À ConJur, a professora também explica como não há um tratamento uniforme para as provas digitais na UE. Alguns países têm regulamentações bem definidas sobre o tema, mas outros ainda contam com normas desatualizadas ou incompletas.

Na Espanha, a legislação traz apenas regras isoladas sobre segurança e preservação de provas. Isso foi desenvolvido e exigido em processos criminais com base nas orientações do Supremo Tribunal daquele país. A Corte costumava ser rigorosa, mas recentemente flexibilizou os requisitos para admissão de provas digitais: agora, presume-se que elas são autênticas, mas isso pode ser contestado pela defesa de forma fundamentada.

Para a UE, Winter acredita que uma regulamentação uniforme, detalhada e harmonizada “sem dúvida facilitaria muito o intercâmbio de provas digitais para fins de prova criminal”, até para evitar insegurança jurídica e custos com perícias.

Ela ainda ressalta que “a manutenção da cadeia de custódia não tem um fim em si mesma, mas tem um valor instrumental”. Esse procedimento garante a “indenidade” da prova, mas não sua validade.

Nos sistemas jurídicos de alguns países, a quebra da cadeia de custódia não impede a admissão da prova digital, mas traz dúvidas sobre sua autenticidade, o que pode ser levado em conta pelo juiz ao avaliá-la. Já outros países tendem a excluir a prova em caso de violação da cadeia de custódia.

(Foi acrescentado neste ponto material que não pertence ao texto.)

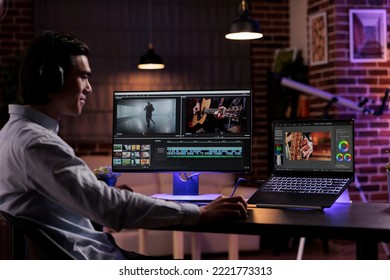 Young videographer working on video production, editing multimedia montage and movie footage to create agency content. Using software on computer to edit professional film with color grading effects. - Shutterstock ID 2221773313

Leia a seguir a entrevista:

ConJur  Como as provas digitais são tratadas na Espanha e na Europa? As regras são muito distintas?
Lorena Bachmaier Winter  Essa é uma questão que analisamos no desenvolvimento de um projeto que dirigi no European Law Institute (ELI), com o objetivo de elaborar uma proposta legislativa sobre provas eletrônicas, em particular, as de natureza transfronteiriça. Como consequência desse projeto, e também de um projeto anterior (dirigido pela Universidade de Bolonha, na Itália, e financiado pela União Europeia), pudemos confirmar que, no âmbito da UE, não há harmonização legislativa quanto a esse tema.

Enquanto alguns ordenamentos jurídicos contêm regulamentações muito precisas — como é o caso da Lei de Processo Penal espanhola, conhecida como Lecrim, que foi objeto de uma reforma muito acertada em 2015 —, em outros ordenamentos jurídicos as regulamentações legais não foram atualizadas ou revelam-se ainda incompletas.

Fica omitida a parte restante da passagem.